Земной отрадой сердца не томи,
Не пристращайся ни к жене, ни к дому,
У своего ребенка хлеб возьми,
Чтобы отдать его чужому
Хотелось бы знать, литература это у нее или же “линия движения”.
…И во все это Блок окунулся с головой. Он мог бы сказать с И. Брянчаниновым: “Раны, нанесенные мне миром, сделали для меня мир отвратительным. Но не предохранили от новых ран”[552].
Е. Иванов воспринимает безумие как особую форму сознания. (Это же и у Достоевского устами Свидригайлова.)
У Е. Иванова душевно больные жена и дочь. Он не теряет с ними нити общения, любит их, живет с ними в интимной близости. Под ледяным панцирем в душе Блока бушевал хаос, врывались в его сознание молнии безумия. Должно быть, это и влекло к нему “Женю Иванова”, и Блок так благодарно любил и ценил Женю за то, что тот больше самого Блока понимал язык его образов (для Блока это было часто кривлянье, балаганчик, для Иванова – путь души, борьба с хаосом).
Ночь. Звонил Новиков (не Прибой). Голос из того далекого времени, когда “на преполовенном жизненном пути” я заблудилась в дантовском дремучем лесу. Какие горькие и в какой-то своей части какие светлые годы. Новиков примыкает к их светлой части. Я ждала ребенка. Новиков этого не знал, но что-то в его настроении было соответствующее моему торжественному чувству тайны, во мне живущей, и ожиданию чуда. У нас были часто длинные монастырского характера трапезы (рыба, грибы, овощи). И разговоры были в той же окраске – чуда жизни, тайны жизни, красоты жизни. Ребенку этому не суждено было в те времена увидеть свет. Он родился через 10 лет от другой матери, но это ему не помешало дать мне познание радости и тайны материнской любви.

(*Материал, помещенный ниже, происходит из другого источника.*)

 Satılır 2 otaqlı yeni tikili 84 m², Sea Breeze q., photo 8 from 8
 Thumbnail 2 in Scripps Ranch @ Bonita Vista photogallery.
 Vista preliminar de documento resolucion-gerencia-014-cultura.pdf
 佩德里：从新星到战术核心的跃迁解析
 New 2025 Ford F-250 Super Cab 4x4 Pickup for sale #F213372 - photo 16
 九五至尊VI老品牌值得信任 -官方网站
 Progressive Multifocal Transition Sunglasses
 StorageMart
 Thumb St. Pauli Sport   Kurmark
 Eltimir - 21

В Нижнем, он же Горький (поистине горький), масло 60 рублей, мясо 40, молоко 6 рублей литр. Племянницы Добровых, приехавшие оттуда, еще сравнительно молодые, постарели, исхудали, изможденный вид, знакомый по 1919 году. Особое выражение голодного терпения и недоумелости. Спрашиваю: “Как же и чем питаются те, кто получает на целую семью 300–400 рублей, если вы почти голодаете на ваши 1200?” – “Хлеб и кипяток, больше ничего”, – ответили в один голос.

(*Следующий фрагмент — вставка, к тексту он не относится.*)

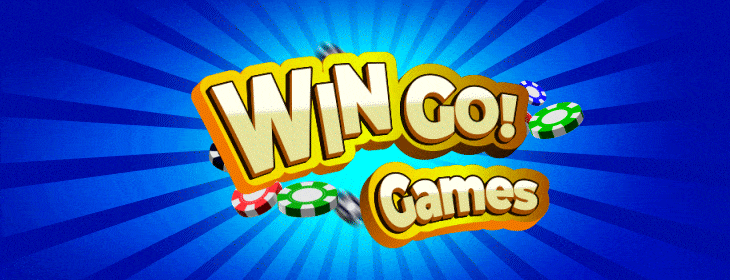 Play fairplay555_agency Win Go games online and win exciting rewards.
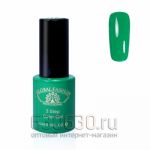 Гель-лак Global Fashion Premium 10 мл 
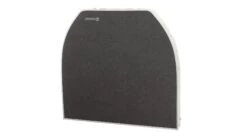 Outwell Hamilton Folding Table With Adjustable Height 5 Outwell Hamilton Folding Table With Adjustable Height -Outwell Shop 530057 hamilton feature photo2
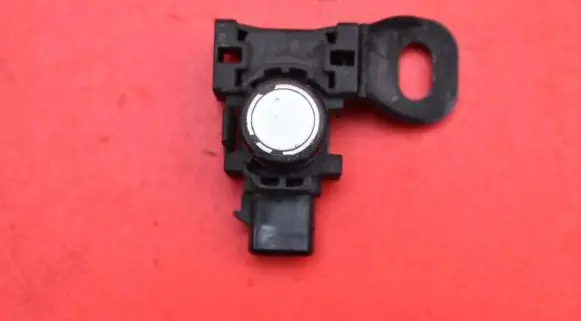 Toyota Corolla Verso E110 Parking PDC control unit/module 89341-64010-B2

Такие же вести из Киева, Тифлиса, Самары (Куйбышев), Краснодара. И в подмосковных – Загорске, Верее, Малоярославце, Можайске не лучше. Жестокая мера не пускать из этих городишек в Москву за продуктами. С этой целью повышен вдвое железнодорожный тариф. Голод перехитрил эти меры: обыватель доезжает до ближайшей станции и пешком идет в Москву. А Москве завидует, хотя ненавидит ее и клянет.
Борис (Ольгин брат) приходит рисовать в отсутствие Аллы ее interieur. Его привлекает старинная мебель, красное дерево, общая артистичность убранства. Борис хочет переключиться из профессии организатора выставок на искусство графика. Очень хочется, чтоб это ему удалось. Талантливый человек, как и все остальные братья и сестра (Ольга). Но все с какой-то запинкой, с какой-то роковой преградой к систематическому и нарастающему движению в творчестве. Кроме Володи[553], прославившегося в своей области, куровода, все не вытанцевались до исторического масштаба. Если бы не какой-то яд в мозгах (он, может быть, вызывает и творческий подъем, но чем-то отравляет волю), Ольга давно была бы беллетристом, Борис – художником, Николай[554] – крупным изобретателем (может быть, попав в американские условия, он и сделался им). А бедного Всеволода[555] (младшего из Бессарабовых) эта ядовитая талантливость свела в могилу в юношеском возрасте – сгорел мозговой аппарат, не доведя до конца, может быть, гениального изобретения (передача движения на расстоянии 500 километров с помощью какого-то прибора).